Exercise — Could you filter the records below and keep only the lines with the word "kitchen"?

Record extracts —

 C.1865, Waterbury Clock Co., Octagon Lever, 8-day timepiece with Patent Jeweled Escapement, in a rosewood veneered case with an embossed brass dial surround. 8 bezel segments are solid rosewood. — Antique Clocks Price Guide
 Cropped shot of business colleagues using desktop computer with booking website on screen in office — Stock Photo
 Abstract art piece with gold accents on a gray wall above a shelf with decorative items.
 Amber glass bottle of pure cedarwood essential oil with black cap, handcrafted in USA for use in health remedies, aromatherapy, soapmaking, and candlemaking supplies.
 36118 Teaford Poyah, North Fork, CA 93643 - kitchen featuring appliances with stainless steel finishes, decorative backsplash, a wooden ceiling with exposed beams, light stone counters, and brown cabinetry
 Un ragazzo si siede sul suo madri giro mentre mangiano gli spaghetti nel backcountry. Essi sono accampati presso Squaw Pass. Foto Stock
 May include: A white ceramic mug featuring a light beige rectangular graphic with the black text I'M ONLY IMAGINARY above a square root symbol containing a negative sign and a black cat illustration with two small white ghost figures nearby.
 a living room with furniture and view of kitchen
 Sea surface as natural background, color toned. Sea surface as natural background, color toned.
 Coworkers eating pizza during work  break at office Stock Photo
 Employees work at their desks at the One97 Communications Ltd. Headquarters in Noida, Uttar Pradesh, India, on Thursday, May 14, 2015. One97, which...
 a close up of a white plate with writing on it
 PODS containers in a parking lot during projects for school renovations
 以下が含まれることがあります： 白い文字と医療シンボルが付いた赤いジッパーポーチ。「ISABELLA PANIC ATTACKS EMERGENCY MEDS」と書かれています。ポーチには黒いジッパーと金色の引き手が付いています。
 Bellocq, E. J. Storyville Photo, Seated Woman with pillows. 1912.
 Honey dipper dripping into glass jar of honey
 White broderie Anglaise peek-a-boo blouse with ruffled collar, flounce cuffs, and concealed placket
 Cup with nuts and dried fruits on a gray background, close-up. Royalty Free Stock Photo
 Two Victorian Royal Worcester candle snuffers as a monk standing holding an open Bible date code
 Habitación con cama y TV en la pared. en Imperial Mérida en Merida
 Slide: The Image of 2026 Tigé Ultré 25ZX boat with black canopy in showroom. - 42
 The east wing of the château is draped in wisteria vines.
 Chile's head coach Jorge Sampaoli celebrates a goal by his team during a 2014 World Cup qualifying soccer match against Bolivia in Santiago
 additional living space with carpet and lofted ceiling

Solution for this task —
 36118 Teaford Poyah, North Fork, CA 93643 - kitchen featuring appliances with stainless steel finishes, decorative backsplash, a wooden ceiling with exposed beams, light stone counters, and brown cabinetry
 a living room with furniture and view of kitchen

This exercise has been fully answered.